[Data records]
........

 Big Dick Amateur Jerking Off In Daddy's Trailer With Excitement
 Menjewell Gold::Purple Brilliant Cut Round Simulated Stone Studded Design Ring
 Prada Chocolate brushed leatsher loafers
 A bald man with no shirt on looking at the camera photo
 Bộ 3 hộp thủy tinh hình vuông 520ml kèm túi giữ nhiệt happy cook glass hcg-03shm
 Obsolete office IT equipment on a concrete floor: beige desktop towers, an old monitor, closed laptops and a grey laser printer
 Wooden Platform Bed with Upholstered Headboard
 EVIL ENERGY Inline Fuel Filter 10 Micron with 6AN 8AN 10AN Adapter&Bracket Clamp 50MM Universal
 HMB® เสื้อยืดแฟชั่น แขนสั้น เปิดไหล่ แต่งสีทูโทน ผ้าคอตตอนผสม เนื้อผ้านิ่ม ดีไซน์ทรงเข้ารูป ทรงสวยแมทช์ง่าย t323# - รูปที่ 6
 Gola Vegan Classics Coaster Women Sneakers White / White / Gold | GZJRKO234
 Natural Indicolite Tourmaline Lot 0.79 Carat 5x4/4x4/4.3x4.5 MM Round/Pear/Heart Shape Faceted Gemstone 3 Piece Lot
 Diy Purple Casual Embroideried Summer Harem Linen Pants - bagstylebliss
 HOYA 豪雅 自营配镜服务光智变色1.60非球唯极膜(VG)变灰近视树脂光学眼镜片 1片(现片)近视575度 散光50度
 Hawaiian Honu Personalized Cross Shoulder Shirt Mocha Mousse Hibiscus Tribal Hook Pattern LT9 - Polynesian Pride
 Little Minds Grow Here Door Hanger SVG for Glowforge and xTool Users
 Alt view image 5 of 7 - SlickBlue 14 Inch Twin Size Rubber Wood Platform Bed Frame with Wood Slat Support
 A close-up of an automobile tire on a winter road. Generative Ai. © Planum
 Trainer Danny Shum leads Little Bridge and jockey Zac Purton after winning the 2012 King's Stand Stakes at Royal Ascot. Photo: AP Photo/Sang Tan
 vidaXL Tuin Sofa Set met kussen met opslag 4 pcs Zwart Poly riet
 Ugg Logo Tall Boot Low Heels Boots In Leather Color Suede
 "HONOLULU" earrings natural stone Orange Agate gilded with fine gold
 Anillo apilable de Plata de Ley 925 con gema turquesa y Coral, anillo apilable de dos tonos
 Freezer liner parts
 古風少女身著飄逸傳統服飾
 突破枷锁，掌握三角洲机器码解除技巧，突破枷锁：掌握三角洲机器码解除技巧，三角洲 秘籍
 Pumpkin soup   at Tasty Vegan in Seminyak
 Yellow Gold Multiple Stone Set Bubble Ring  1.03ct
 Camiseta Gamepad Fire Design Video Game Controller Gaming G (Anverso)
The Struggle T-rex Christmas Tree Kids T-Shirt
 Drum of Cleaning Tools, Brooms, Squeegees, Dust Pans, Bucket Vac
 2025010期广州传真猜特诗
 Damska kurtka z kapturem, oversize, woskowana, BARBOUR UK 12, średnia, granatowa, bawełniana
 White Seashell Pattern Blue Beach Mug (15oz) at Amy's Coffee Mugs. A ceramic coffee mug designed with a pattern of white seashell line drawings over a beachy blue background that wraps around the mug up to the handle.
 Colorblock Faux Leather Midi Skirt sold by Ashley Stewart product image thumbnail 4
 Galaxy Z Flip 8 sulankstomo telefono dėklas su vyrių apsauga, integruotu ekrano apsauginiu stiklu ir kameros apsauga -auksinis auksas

........

TASK DIRECTIONS:
When a line of the entries above contains the word "Vegan", include it in a tally, then give that tally alone.

REPLY TO THE EXERCISE:
2